Comment 13 johnks 2021-09-26 09:36:41 UTC
(In reply to Mike Kaganski from comment #12)
> (In reply to Buovjaga from comment #11)
> > Plenty of other editors behave like LibreOffice, for example Kate editor.
> 
> Indeed. E.g.:
> 
> 1. Linux: gedit: https://i.imgur.com/CkCK2Ti.png
> 2. Cross-platform: VSCode: https://i.imgur.com/PJfM7U9.png (Match Case and
> Regular expressions selected together)
> 3. Windows: notepad++: https://i.imgur.com/bg0Tkrn.png
> 
> And so on...

i see your point but check this screenshot of kwrite https://ibb.co/5GDFbHP
the match case button is selected by default. if i unselect it in kwrite, then it does case insensitive. otherwise it is case sensitive by default and i assume all the mentioned softwares are too. can you please confirm going into regular expressions selects match case by default or not? i does for me on kwrite but not on libreoffice
Comment 14 Mike Kaganski 2021-09-26 10:23:19 UTC
(In reply to johnks from comment #13)

You are shifting the goalposts - for the second time ;)

It absolutely does not matter what kwrite decides its defaults.
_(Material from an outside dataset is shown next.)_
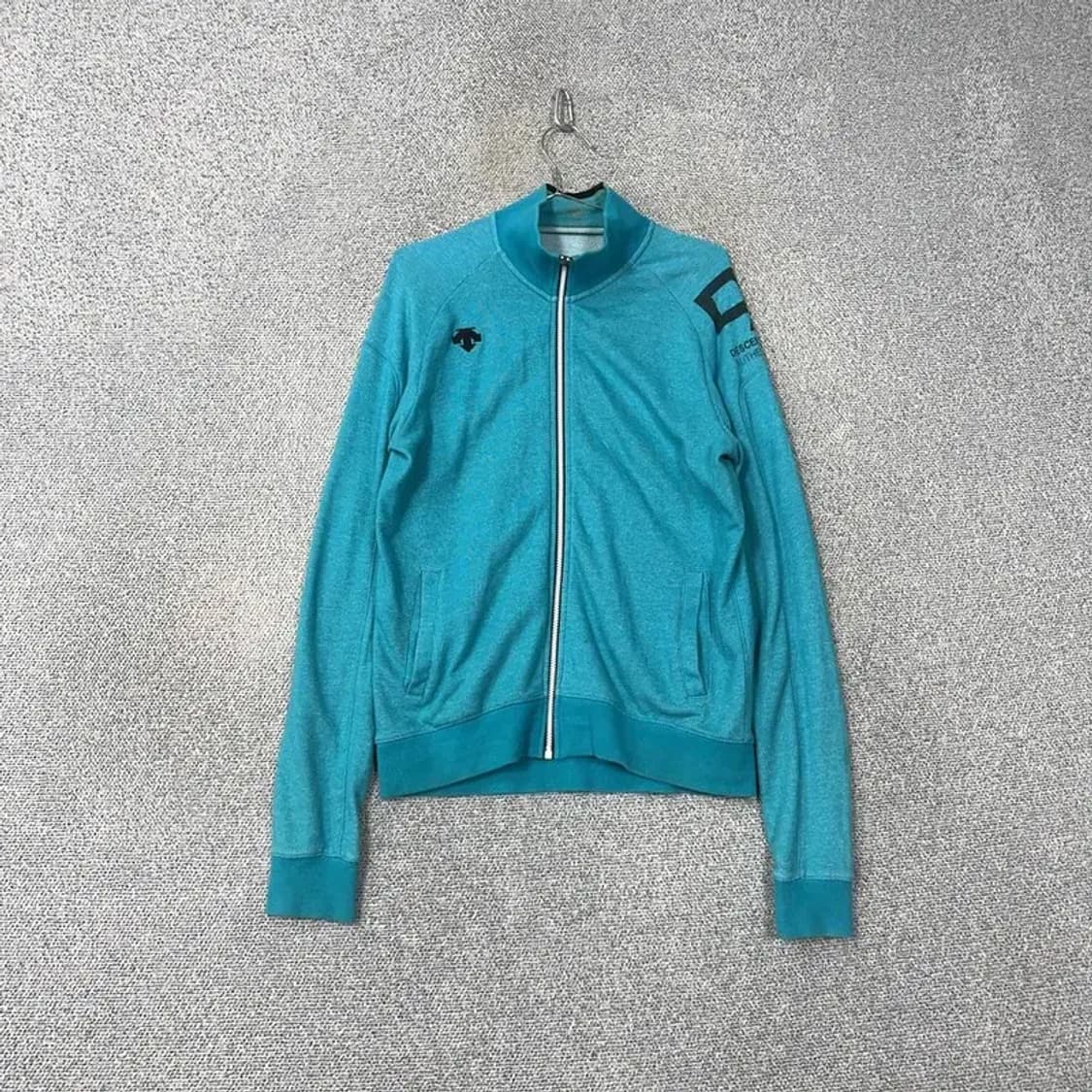 데상트 기능성 민트 집업 져지 100 상품이미지1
You may check that different applications have different defaults (and even different sets of supported flags) in them. You may e.g. look at comment 10, and look at the *two web services that you suggested for testing*, to see that the two services have different default values for "multiline" flag. This shows that it's up to the software what to have as its default value for the mode.

gedit and VSCode have both "case insensitive" by default; I didn't check notepad++ in that regard (I don't want to reset its settings). But even if they all had case-sensitive by default, it wouldn't change anything. LibreOffice is a separate application; and it is up to LibreOffice to decide which mode is most reasonable for majority of *its* users.

Anyway, *given that it is fine to control the flag using the checkbox* (as we already agreed), it is absolutely file to *not* change the checkbox state when *another* checkbox changes (they are *independent*). And further, given that the *default* mode is case-insensitive plain search, it is absolutely reasonable that when you check regular expressions from that default mode, case sensitivity is not enabled. Doing otherwise would be unexpected and wrong (creating hidden unobvious relations between settings).

The only thing that actually needs fixing is retaining "case sensitivity" flag across sessions - similar to bug 112271. But that is different, and needs an own report (if yet absent) - because this one is created initially with wrong premises, has already three different ideas, and would already be confusing/unmanageable if converted to "let's keep the value of the checkbox across sessions".